Your emotions affect the way you drive. Whether you are calm, anxious or hot-tempered strong emotions can interfere with your ability to think and reason. This reduces your ability to make safe decisions. It is a challenge to not let your emotions interfere with safe driving. Use good judgment, common sense, courtesy, and safe driving rules to ensure your safety and the safety of others.
Good driving habits enable a driver to recognize and stay away from danger as well as react correctly in an emergency. There are five important driving habits: In normal driving, your left foot should be firmly placed on the foot rest. Stay away from problems as you drive. Use the brakes to slow down and change gears separately after braking. Keep good separation from other vehicles. Be able to stop in the distance you can see ahead.

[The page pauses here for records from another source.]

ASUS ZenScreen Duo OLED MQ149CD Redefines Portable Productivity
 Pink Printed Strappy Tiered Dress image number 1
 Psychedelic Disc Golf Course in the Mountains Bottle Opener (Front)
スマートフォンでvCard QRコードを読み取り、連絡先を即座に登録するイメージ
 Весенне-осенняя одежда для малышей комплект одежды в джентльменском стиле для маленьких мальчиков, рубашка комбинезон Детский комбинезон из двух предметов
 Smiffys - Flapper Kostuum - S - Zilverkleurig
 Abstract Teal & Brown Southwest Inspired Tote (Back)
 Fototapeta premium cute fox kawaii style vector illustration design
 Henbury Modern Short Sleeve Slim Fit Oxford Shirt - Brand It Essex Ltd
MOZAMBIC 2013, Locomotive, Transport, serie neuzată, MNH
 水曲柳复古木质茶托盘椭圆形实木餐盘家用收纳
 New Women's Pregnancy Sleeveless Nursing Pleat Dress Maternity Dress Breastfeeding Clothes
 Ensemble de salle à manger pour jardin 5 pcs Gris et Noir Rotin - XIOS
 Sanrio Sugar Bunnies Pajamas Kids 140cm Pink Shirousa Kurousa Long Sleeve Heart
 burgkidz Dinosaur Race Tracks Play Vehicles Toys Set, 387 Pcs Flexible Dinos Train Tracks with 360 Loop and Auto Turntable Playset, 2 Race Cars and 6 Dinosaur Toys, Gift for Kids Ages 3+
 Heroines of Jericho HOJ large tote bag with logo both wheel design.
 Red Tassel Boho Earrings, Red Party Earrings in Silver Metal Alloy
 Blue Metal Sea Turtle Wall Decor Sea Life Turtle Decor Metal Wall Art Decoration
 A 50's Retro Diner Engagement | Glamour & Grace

Emotions like rage, intolerance and bad attitudes that can negatively affect your driving because they can cause you to concentrate on a single event and not your driving task. These bad habits frequently lead to Unsafe Speed - the number one cause of crash fatalities, aggressive and overly risky driving, as well as loss of control of your vehicle.
Recognize when you are not fit to drive. Your emotions also affect the way you relate to others. If you are in good condition emotionally, you will be able to judge whether your passengers are giving you good or bad driving advice. If you are upset, you may follow a friend's bad advice because you are not thinking clearly. If you feel good, your judgment will be better than if you are angry.